This also goes for your internet service provider by the way. Normally they see everything you do online, but when you use a VPN, your internet service provider cannot monitor your online activities anymore due to the encryption. And the good thing is, to you as a VPN user, nothing really changes. 

The VPN software encrypts all traffic you send and receive, but you don’t notice this at all. The VPN simply runs in the background, while your connection is far more secure and you can use the internet as you would normally do.

A VPN offers additional privacy 

A VPN is also a great tool for privacy since it hides your IP address for the outside world. Normally, the rest of the internet recognizes and identifies you based on your personal IP address. 

When you connect to a VPN server, you are appointed the IP address of the VPN server instead of your own IP-address. Governments, hackers, the websites you visit, online marketeers; they will no longer be able to link your activities to you as a person through your IP address. This gives you some privacy and anonymity when browsing, also on crypto exchanges.

A VPN also serves as a tool for internet freedom

The internet is not freely accessible everywhere in the world. Based on your geographic location, various websites, crypto exchanges, streaming services or social media could be inaccessible. 
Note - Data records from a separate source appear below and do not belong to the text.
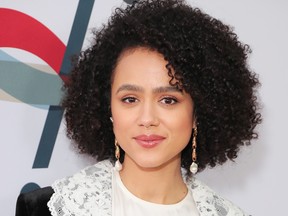 Nathalie Emmanuel arrives at Steven Tyler's Third Annual Grammy Awards Viewing Party to benefit Janies Fund presented by Live Nation at Raleigh Studios on January 26, 2020 in Los Angeles.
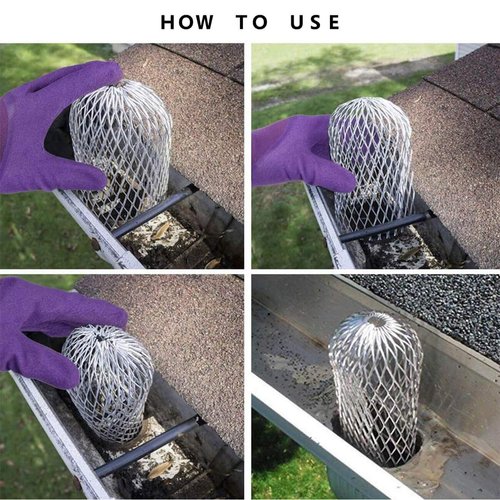 Orgrimmar 6PCS Gutter Guard Strainer Aluminum Downspout Mesh Filter Preventing Blockage Leaves Debris from Clogging Pipes(3 inch)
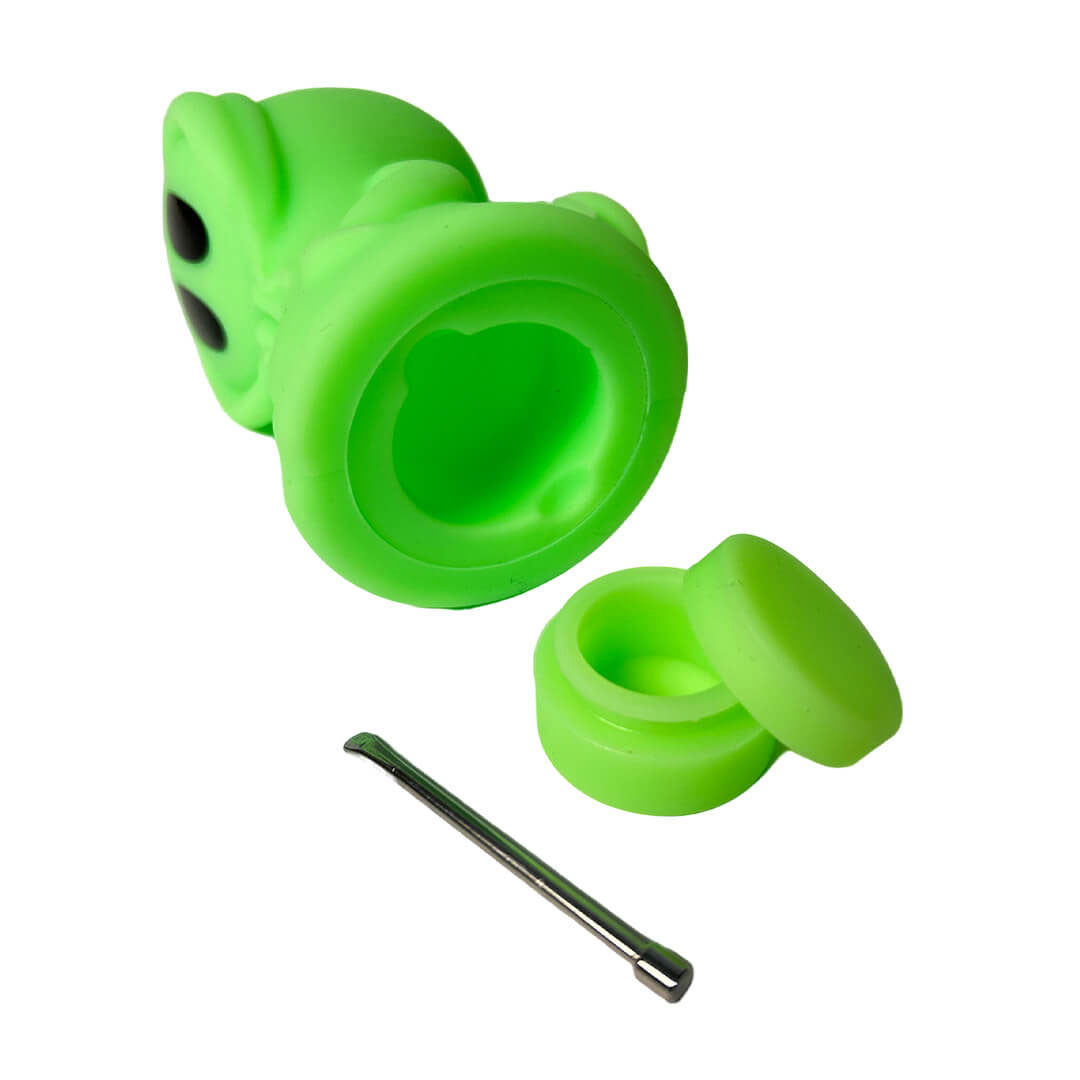 Pipa Death verde con contenitore in silicone aperto e utensile metallico inclusi | GrowLab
This phenomenon is called geo-blocking, and it’s a form of online censorship. By connecting to a VPN server in a different country, you can access the internet as if you were physically in that country. 

So, if for example a certain website is blocked in your country, you can connect to a VPN server in a country where that website is in fact accessible. When you subsequently try to access the site, you will no longer be blocked because you are using a foreign IP address which is granted access. 

Choosing a VPN suited to your needs

When you are in the market for a VPN service, or want to objectively compare VPN providers, a bit of research does not hurt. A couple of key aspects to consider when adopting a VPN provider are the following:

Safety and privacy: For starters, you need a VPN provider that offers solid encryption protocols and which doesn’t keep logs (meaning the provider does not store some of your online actions when you are connected to the VPN servers).

Speed: One known problem when using a VPN connection is the loss of speed since your data is encrypted AND travels through an additional external server. Since internet speed can be vital when it comes to flash trading, choosing a VPN with fast servers is a must. 

User-friendliness: The VPN application has to be manageable and simple. Furthermore, the VPN provider has to offer quality technical support when issues arise. 

Server network: The VPN provider you choose should ideally have a large and a diverse network of servers in countries and regions, offering speedy connections without compromising the performance. 


The above article is a sponsored post that meets our editorial guidelines.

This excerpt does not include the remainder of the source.